MVA track selection for Heavy Ions reconstruction

Setup

In CMSSW 7.5.0 pre5 MVA track selection is in place, but has to be turned on.

process.hiInitialStepSelector.useAnyMVA = cms.bool(True)
process.hiLowPtTripletStepSelector.useAnyMVA = cms.bool(True)
process.hiPixelPairStepSelector.useAnyMVA = cms.bool(True)
process.hiDetachedTripletStepSelector.useAnyMVA = cms.bool(True)

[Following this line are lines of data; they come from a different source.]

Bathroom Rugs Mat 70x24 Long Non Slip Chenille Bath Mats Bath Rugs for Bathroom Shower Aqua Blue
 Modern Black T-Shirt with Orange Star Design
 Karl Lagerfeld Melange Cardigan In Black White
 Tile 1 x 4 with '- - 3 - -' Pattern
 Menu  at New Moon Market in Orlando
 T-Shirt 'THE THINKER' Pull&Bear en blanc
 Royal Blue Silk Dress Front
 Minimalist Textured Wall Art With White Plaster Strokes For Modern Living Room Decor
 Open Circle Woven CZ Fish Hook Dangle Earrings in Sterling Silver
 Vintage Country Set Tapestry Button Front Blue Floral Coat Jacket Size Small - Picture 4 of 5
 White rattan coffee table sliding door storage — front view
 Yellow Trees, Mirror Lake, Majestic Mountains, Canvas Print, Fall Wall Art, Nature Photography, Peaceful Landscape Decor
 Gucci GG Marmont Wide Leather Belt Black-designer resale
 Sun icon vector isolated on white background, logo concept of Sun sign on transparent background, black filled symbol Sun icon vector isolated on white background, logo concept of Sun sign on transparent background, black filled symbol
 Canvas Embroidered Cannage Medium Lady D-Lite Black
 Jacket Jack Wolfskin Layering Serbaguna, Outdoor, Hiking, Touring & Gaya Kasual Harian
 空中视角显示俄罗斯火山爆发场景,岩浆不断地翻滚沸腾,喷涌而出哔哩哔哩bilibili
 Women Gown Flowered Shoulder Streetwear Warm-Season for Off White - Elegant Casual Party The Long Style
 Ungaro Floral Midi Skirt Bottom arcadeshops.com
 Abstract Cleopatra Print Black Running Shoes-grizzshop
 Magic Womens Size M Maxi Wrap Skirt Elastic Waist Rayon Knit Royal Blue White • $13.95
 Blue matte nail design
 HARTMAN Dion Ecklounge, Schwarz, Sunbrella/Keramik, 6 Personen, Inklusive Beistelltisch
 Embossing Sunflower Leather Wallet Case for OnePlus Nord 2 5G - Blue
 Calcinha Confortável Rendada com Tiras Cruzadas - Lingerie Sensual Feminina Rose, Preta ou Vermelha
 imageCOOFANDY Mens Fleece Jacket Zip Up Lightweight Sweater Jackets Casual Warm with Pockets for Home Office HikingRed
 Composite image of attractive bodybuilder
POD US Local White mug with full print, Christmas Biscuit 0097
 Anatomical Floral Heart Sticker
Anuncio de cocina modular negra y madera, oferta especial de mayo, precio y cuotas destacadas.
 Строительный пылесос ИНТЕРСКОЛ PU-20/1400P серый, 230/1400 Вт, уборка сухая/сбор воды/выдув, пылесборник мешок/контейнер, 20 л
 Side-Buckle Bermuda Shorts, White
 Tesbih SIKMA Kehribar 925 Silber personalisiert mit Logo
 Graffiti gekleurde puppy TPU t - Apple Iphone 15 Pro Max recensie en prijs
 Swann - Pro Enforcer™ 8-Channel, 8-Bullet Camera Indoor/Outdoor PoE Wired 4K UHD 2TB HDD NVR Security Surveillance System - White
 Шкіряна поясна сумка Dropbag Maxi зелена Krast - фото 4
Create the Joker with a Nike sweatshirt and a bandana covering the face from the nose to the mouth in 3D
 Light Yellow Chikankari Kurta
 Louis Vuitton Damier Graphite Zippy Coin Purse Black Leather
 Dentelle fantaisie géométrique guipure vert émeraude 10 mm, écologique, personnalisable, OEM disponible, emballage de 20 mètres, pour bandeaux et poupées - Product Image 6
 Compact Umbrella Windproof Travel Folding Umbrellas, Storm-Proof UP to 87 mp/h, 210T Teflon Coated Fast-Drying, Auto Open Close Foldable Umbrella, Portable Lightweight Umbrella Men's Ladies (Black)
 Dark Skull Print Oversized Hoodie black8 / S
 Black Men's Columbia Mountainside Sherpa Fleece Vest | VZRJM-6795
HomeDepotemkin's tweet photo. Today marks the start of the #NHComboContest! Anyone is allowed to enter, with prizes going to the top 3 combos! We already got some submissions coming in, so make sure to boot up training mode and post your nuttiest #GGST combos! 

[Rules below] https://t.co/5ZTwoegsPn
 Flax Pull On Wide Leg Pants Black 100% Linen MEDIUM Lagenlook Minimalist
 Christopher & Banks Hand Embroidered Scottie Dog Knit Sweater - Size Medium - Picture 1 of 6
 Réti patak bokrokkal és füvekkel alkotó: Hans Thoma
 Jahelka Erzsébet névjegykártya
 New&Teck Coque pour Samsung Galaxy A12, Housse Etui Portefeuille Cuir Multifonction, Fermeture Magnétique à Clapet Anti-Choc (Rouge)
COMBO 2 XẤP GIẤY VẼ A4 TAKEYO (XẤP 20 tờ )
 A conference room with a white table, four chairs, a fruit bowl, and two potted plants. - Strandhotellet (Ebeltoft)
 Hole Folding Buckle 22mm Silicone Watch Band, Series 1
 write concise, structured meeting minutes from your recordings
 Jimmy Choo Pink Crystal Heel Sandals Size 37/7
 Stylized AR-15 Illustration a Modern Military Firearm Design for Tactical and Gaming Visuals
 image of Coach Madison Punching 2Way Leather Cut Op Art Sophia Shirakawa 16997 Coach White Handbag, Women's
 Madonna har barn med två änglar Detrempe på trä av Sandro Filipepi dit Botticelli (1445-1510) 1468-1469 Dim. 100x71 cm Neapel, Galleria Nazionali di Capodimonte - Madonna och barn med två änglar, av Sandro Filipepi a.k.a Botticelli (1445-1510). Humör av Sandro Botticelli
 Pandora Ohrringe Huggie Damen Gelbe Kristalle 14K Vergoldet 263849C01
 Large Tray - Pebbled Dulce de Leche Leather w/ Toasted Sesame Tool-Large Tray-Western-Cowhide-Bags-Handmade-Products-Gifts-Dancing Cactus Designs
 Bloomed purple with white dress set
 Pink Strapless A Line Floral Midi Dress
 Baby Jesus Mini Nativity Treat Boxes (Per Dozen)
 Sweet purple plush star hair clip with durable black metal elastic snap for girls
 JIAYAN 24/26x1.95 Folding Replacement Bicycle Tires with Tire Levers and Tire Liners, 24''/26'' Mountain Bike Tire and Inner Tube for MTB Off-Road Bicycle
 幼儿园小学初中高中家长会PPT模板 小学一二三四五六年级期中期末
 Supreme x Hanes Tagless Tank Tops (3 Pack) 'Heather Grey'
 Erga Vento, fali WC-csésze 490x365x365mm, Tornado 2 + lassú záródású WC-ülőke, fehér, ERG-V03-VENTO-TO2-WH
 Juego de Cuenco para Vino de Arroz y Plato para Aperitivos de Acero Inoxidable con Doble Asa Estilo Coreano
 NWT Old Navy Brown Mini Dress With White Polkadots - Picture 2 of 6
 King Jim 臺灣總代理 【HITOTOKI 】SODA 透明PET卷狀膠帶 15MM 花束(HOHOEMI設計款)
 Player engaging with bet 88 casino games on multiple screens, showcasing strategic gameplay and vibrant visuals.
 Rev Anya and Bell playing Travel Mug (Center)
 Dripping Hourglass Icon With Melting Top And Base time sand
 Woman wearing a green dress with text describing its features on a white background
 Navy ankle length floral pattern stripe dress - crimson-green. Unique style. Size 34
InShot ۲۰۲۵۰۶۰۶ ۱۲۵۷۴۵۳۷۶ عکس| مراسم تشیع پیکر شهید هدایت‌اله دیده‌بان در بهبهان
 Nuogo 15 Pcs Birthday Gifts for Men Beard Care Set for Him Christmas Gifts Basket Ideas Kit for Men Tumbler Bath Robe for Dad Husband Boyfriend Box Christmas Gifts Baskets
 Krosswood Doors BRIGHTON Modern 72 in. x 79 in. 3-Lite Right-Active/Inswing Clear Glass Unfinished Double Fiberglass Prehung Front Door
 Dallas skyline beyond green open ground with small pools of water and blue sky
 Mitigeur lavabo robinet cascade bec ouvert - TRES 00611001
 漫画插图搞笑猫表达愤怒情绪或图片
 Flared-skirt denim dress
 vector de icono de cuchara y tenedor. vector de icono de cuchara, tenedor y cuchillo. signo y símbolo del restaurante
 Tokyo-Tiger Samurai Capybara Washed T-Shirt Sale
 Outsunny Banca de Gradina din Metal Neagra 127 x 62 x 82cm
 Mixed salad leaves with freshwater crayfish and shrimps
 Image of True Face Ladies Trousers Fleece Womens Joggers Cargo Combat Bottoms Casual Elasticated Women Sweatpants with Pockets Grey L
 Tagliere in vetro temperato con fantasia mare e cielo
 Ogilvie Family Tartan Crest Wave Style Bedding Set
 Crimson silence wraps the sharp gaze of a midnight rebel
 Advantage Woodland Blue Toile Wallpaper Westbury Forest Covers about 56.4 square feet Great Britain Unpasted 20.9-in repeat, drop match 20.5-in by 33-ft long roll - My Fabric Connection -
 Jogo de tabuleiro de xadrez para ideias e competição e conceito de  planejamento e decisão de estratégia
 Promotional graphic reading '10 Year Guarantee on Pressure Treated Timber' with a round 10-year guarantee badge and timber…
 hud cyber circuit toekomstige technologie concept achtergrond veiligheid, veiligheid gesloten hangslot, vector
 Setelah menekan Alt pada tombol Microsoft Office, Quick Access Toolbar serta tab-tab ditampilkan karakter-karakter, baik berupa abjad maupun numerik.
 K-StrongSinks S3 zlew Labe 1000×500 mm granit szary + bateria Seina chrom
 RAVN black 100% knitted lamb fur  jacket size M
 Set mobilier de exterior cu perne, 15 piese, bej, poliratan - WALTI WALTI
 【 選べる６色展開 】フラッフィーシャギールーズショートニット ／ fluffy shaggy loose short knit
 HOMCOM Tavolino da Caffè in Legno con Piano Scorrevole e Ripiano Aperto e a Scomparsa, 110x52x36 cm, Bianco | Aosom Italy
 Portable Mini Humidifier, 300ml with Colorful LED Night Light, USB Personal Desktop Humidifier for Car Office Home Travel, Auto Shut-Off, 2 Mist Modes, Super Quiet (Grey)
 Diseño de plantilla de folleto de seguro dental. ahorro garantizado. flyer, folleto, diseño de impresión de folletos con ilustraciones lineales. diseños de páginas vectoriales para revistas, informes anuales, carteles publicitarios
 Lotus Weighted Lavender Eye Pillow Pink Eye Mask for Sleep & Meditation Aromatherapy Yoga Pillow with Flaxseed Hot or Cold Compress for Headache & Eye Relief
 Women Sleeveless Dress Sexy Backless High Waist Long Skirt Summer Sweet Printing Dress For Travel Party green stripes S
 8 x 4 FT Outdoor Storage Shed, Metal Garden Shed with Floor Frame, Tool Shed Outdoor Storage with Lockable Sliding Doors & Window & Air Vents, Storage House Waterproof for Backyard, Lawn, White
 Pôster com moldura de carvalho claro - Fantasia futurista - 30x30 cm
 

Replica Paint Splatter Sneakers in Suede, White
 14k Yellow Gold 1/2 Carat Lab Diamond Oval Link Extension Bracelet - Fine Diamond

In earlier version one has to cherry-pick the commits

git cherry-pick c70379229c145a7cc3beed736b02d167a7c8f342
git cherry-pick 1ed94c592715db21bc2410c973f47489f44a84ed
git cherry-pick 5fdc9869f35a5cce160c7aa1f5635fae3d08e522
git cherry-pick c5c5093366b7e2d7483227a3fa709dbd8bde9762
git cherry-pick 4b19cb3d0c9e4bf270efa5baa39a466e0f1e4e99
git cherry-pick be692bcfcaa92f98d50d907879da15734eb37068
git cherry-pick d916c065ebd0693229169baca63bf2231aa9cc4e
git cherry-pick 519d275bbd5dfae8485c8e4443a6b46edec27b05

scram b -j20 after that

Also add the following lines to get payloads (if there is no in GlobalTag):

process.gbrforest = cms.ESSource("PoolDBESSource",CondDBSetup,                                                               
                                 toGet = cms.VPSet(                                                                          
        cms.PSet( record = cms.string('GBRWrapperRcd'),                                                                      
                  tag= cms.string('GBRForest_HIMVASelectorIter4_v0_offline'),                                                
                  label  = cms.untracked.string('HIMVASelectorIter4')                                                        
                  ),                                                                                                         
        cms.PSet( record = cms.string('GBRWrapperRcd'),                                                                      
                  tag= cms.string('GBRForest_HIMVASelectorIter5_v0_offline'),                                                
                  label  = cms.untracked.string('HIMVASelectorIter5')                                                        
                  ),                                                                                                         
        cms.PSet( record = cms.string('GBRWrapperRcd'),                                                                      
                  tag= cms.string('GBRForest_HIMVASelectorIter6_v0_offline'),                                                
                  label  = cms.untracked.string('HIMVASelectorIter6')                                                        
                  ),                                                                                                         
        cms.PSet( record = cms.string('GBRWrapperRcd'),                                                                      
                  tag= cms.string('GBRForest_HIMVASelectorIter7_v0_offline'),                                                
                  label  = cms.untracked.string('HIMVASelectorIter7')                                                        
                  )                                                                                                          
                                                                                                                             
        ),                                                                                                                   
        connect =cms.string('frontier://FrontierProd/CMS_CONDITIONS')
)                                                                                                                            
                                                                                                                             
process.es_prefer_forest = cms.ESPrefer("PoolDBESSource","gbrforest")   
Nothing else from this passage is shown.